When we use long division to divide 1573 by 12, we get a remainder of 1, so \(1573 = 12(131) + 1\). When we divide by 11 instead, we get a remainder of 0, so \(1573 = 11(143)\). A remainder of 0 means that 11 is a factor of 1573. The same thing happens with polynomials. While \((x^3 + 5x^2 + 7x + 3) \div (x+2)\) results in a remainder that is not 0, if we divide \((x+1)\) into \(x^3 + 5x^2 + 7x + 3\), we do get a remainder of 0:

\(\displaystyle \require{enclose} \begin{array}{r} x^2+4x+3 \\ x+1 \enclose{longdiv}{x^3+5x^2+7x+3} \\ \underline{\text-x^3-x^2} \phantom{+7x+333} \\ 4x^2+7x \phantom{+33}\\ \underline{\text-4x^2-4x} \phantom{+33} \\ 3x+3 \\ \underline{\text-3x-3} \\ 0 \end{array}\)
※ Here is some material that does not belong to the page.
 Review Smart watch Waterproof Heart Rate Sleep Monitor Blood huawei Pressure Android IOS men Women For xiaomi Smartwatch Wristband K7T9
So \((x+1)\) is a factor of \(x^3 + 5x^2 + 7x + 3\).

Earlier we learned that if \((x-a)\) is a factor of a polynomial \(p(x)\), then \(p(a)=0\), meaning \(a\) is a zero of the function. It turns out that the converse is also true: if \(a\) is a zero, then \((x-a)\) is a factor.
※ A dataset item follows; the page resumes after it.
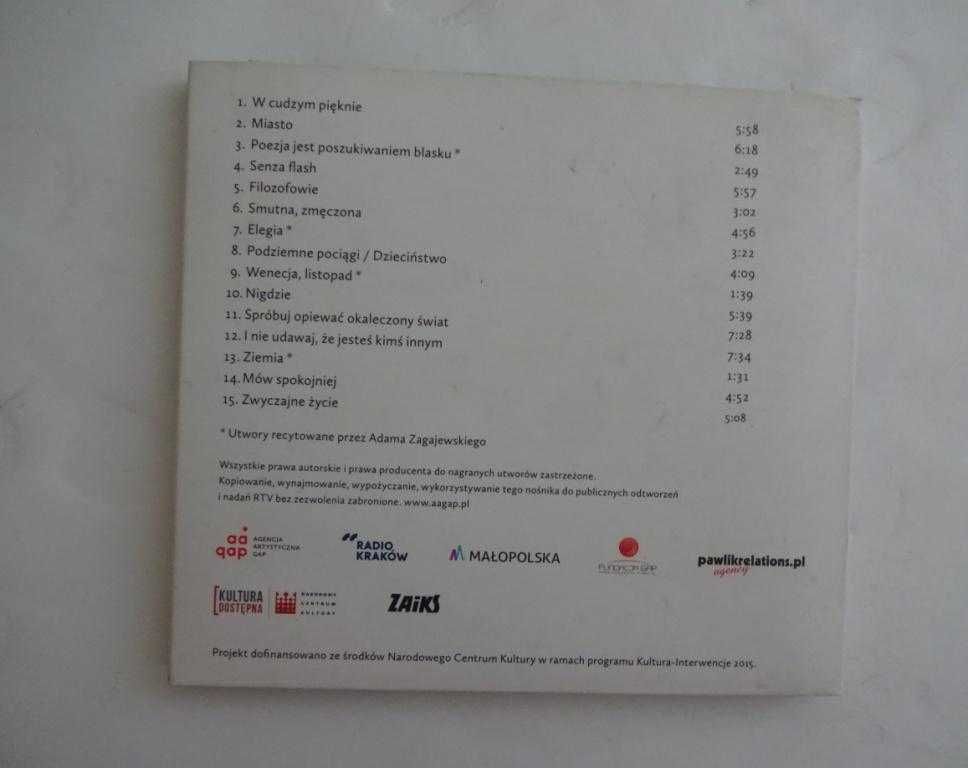 Zagajewski & Pawlik  Mów Spokojniej – Płyta CD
To see that this is true, let’s think about what we know if we have a polynomial \(p(x)\) with a known zero at \(x=a\). If we divide \(p(x)\) by the linear factor \((x-a)\), then \(p(x) = (x-a)q(x)+r\), where \(r\) is the remainder and \(q(x)\) is a polynomial. Because \(a\) is a zero of the function, we know that \(p(a)=0\). This means we also know that the remainder is zero:

\(\displaystyle p(a) = (a-a)q(x)+r \\ p(a)=r\\ 0=r\)

Which means that \(p(x) = (x-a)q(x)\). So, if \(a\) is a zero of a polynomial, then \((x-a)\) must be a factor of \(p(x)\). Now we know that if we start with a linear factor of a polynomial, then we know one of the zeros of the polynomials, and if we start with a zero of a polynomial, then we know one of the linear factors.

Lastly, even if \(a\) is not a zero of \(p\), we can figure out what the remainder will be if we divide \(p(x)\) by \((x-a)\), without having to do any division. If \(p(x) = (x-a)q(x)+r\), then \(p(a)=(a-a)q(x)+r\), so \(p(a)=r\). So the remainder after division by \((x-a)\) is \(p(a)\). This is the Remainder Theorem.